I have two daughters and money is tight for us too since I lost my job two months ago.

I think your suggestion of volunteering is good. This summer I started a no computer/phone after 6pm, even for me. This forces (in a nice way) face time and we usually end up going to walks or some kind of outside play. Draw her out of her room by things like making smores.

Their father (we are not together) alternates computer/tv days.

Whatever you choose, be consistent. Once the firmly set, resistance goes away.

As for what she currently does on the computer, show some interest in it. Find out what shows she is watching and watch them too. You may find something you like too. Or you may find she is not watching tv at all.

Whatever you do, good luck.



answers from Modesto on

She sounds depressed. She also seems unable to handle social interaction .Whether this is due to her lack of learning social skills, anxiety or depression is unclear.

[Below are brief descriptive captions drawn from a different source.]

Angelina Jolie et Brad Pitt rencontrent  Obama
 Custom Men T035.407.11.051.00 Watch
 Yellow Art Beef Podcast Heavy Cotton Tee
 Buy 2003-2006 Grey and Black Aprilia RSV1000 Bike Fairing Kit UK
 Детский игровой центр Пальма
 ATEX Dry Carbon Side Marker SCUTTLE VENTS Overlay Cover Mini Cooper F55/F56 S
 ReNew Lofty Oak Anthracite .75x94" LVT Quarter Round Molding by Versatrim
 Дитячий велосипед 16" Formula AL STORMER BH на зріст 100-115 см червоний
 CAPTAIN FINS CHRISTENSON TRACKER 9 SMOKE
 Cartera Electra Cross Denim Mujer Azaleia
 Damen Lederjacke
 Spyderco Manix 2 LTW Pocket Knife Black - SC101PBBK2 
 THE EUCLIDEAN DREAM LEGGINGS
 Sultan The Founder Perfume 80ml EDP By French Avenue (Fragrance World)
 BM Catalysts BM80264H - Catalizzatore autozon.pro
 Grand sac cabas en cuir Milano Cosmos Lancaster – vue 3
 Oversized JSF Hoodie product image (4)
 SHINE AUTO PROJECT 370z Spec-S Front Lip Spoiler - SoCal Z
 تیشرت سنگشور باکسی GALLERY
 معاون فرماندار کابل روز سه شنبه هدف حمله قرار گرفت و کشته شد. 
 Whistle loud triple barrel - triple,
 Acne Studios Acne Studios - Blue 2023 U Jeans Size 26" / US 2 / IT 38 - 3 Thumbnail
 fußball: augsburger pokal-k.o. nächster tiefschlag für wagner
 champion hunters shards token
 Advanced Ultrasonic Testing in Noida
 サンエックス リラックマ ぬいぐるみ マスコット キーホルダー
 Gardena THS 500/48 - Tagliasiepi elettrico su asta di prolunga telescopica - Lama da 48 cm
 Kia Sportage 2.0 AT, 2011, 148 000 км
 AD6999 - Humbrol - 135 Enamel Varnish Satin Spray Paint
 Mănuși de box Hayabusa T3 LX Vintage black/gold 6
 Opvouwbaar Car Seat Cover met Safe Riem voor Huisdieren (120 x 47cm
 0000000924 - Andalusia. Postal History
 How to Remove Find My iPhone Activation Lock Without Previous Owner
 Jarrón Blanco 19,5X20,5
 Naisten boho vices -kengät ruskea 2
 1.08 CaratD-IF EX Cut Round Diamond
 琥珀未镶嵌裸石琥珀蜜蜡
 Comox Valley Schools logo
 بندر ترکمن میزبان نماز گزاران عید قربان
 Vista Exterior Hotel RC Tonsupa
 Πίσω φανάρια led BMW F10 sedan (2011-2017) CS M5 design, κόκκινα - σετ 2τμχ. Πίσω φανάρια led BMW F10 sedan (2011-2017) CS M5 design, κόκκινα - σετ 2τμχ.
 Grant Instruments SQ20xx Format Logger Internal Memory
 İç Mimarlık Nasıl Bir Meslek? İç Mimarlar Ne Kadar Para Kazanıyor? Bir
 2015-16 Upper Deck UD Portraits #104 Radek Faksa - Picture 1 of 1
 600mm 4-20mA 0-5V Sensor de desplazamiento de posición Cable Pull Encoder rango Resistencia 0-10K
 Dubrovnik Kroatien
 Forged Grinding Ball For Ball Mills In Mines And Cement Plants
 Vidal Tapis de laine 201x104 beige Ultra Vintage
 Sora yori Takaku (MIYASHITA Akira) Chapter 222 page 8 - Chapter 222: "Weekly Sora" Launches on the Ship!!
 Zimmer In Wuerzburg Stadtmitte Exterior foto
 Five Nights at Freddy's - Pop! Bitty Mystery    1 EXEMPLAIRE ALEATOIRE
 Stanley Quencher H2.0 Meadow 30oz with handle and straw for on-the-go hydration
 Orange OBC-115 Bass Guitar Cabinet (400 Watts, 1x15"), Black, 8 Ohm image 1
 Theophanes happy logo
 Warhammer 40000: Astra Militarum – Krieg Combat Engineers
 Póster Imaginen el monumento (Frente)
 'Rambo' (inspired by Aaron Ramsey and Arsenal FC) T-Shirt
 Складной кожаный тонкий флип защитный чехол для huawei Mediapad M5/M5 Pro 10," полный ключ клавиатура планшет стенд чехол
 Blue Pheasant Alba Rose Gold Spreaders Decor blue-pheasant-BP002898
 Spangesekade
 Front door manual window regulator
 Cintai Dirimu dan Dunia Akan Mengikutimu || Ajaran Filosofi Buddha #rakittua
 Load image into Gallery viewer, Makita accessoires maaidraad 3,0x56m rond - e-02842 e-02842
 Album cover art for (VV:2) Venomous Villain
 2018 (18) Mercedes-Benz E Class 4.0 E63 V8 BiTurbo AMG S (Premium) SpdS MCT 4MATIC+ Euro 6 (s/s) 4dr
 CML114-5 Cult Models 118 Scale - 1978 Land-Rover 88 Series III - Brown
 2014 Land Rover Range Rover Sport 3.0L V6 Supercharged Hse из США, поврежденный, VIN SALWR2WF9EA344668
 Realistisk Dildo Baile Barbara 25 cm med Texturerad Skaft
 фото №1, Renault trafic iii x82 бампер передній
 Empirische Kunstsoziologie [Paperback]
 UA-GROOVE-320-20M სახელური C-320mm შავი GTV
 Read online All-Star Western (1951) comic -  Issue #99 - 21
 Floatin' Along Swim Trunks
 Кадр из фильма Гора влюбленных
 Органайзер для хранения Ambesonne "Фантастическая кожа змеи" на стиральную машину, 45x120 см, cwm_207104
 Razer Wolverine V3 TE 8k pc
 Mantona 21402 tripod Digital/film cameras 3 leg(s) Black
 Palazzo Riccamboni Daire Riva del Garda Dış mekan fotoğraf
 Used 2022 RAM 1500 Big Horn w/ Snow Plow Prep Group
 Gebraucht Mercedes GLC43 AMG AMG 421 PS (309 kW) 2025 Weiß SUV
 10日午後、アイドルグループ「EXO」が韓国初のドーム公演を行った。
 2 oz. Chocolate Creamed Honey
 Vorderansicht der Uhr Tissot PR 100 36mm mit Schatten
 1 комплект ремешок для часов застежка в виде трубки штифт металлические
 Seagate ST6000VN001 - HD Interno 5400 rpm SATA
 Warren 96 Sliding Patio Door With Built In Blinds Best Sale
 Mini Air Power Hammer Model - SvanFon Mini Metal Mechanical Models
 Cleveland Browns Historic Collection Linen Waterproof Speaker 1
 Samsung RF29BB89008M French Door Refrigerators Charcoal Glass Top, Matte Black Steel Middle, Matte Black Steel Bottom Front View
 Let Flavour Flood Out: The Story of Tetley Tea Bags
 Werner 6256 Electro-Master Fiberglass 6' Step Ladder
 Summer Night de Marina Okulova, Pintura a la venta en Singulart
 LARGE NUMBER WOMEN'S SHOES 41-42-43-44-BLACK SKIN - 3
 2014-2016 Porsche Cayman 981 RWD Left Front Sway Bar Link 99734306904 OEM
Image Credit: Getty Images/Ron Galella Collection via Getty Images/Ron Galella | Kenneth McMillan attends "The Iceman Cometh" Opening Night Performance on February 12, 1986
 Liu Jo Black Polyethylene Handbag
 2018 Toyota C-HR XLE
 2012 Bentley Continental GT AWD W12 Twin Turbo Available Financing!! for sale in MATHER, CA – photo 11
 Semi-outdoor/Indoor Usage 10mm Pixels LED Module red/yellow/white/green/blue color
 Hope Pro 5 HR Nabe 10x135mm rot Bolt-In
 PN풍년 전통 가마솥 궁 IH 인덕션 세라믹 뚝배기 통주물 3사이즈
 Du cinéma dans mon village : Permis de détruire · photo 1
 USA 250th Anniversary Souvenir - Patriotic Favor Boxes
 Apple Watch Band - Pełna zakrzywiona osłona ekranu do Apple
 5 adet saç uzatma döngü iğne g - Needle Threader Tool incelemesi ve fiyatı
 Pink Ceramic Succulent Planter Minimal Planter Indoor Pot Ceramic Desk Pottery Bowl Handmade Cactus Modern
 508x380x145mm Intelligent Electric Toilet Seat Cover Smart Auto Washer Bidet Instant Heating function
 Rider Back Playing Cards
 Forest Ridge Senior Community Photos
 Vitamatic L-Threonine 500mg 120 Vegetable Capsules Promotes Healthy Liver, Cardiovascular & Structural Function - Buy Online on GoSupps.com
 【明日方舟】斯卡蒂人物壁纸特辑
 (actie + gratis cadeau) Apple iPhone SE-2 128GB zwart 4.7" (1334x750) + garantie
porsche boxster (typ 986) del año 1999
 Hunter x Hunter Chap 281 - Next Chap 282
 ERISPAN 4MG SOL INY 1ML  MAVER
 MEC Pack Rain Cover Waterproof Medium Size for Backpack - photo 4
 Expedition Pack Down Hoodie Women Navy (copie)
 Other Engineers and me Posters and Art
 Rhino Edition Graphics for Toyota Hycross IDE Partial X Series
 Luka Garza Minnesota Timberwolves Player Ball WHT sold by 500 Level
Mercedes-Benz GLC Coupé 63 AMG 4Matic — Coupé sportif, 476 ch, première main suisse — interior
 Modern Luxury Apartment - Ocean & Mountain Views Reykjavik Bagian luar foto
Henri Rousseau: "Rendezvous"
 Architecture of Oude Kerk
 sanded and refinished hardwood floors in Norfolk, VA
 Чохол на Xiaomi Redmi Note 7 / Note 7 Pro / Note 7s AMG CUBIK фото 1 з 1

The fact that she refused to go to school shows that she was/is unwilling for whatever reason (shyness?selfishness-i.e always wanting her own way?depression?) to learn intermediate or advanced social skills. The fact that she refused to go to school is a big clue that something is wrong. Lots of kids don't really like school but few refuse it. It appears she has the upper hand in your relationship. I think you need a psychologist or psychiatrist to get to the bottom of what is going on and determine if it is a social/anxiety problem, depression or normal behavior. Working part time in an office is fine at 17 living at home but what is she going to do as she gets older? You need to look into her isolation issue and resolve it so that she can live successfully later in life. Even if this is normal and she is just shy, she will need to make some minimal adjustments/concessions in how she lives in order to function better on her own. I sincerely hope you can get her to see someone but I suspect it will be tough and she will refuse (as she did school). She is still a minor though. You have a small window of opportunity before she is a legal adult at 18. Good luck to you.



answers from San Francisco on

when I was a young teenager, I spent alot of time in my room due to depression (not knowing about it, though). I was always shy and anxious in social situaltions. It might be worth looking into about the depression. good luck to you,



answers from Sacramento on

It sounds like depression and social anxiety. You really need to get her to a psychiatrist.